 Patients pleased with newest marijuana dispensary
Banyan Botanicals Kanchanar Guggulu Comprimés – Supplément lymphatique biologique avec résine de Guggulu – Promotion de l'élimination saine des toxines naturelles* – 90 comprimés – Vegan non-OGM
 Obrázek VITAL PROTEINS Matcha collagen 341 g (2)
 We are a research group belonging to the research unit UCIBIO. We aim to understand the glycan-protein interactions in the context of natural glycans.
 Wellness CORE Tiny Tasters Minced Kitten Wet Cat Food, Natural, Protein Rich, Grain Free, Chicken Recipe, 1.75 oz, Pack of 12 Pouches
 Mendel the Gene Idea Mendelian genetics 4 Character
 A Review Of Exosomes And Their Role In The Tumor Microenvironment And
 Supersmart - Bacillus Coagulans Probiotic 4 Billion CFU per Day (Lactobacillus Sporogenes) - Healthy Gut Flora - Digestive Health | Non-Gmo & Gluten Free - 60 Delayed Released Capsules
......
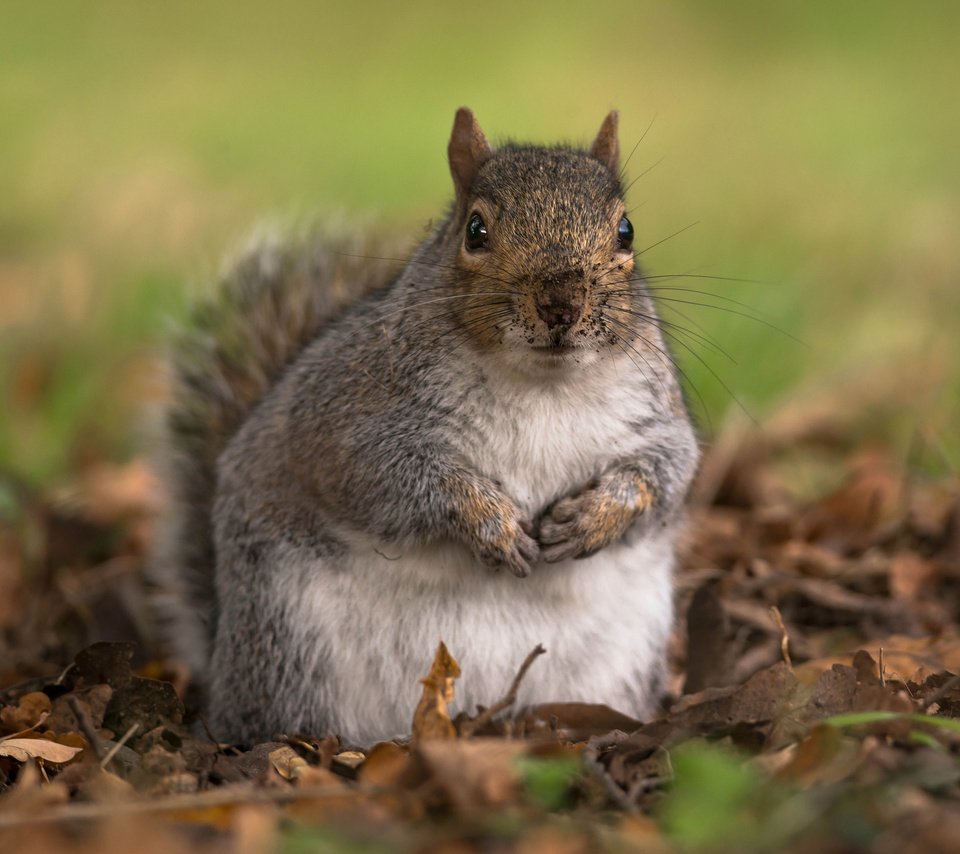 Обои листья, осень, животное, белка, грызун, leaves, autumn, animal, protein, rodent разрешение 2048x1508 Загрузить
......
Task details —
Copy range, inclusive: the line holding "We are a research" to the line holding "A Review Of". Reproduce exactly those lines of the records above and no others.

Result —
 We are a research group belonging to the research unit UCIBIO. We aim to understand the glycan-protein interactions in the context of natural glycans.
 Wellness CORE Tiny Tasters Minced Kitten Wet Cat Food, Natural, Protein Rich, Grain Free, Chicken Recipe, 1.75 oz, Pack of 12 Pouches
 Mendel the Gene Idea Mendelian genetics 4 Character
 A Review Of Exosomes And Their Role In The Tumor Microenvironment And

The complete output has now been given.